**Exercise brief**.
From the records that follow, return exactly the lines beginning at the one that contains "thumbnail image 2" and ending at the one that contains "2666 Jackson Dr, Jackson, WI", pictures left out.

**Data section**.
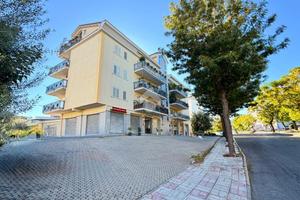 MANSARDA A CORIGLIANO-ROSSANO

* * *

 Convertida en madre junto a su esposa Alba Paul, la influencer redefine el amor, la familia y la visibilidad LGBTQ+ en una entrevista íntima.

...

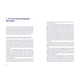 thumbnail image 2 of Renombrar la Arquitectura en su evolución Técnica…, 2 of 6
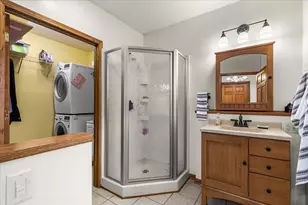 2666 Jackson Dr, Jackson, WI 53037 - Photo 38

**The answer**.
 thumbnail image 2 of Renombrar la Arquitectura en su evolución Técnica…, 2 of 6
 2666 Jackson Dr, Jackson, WI 53037 - Photo 38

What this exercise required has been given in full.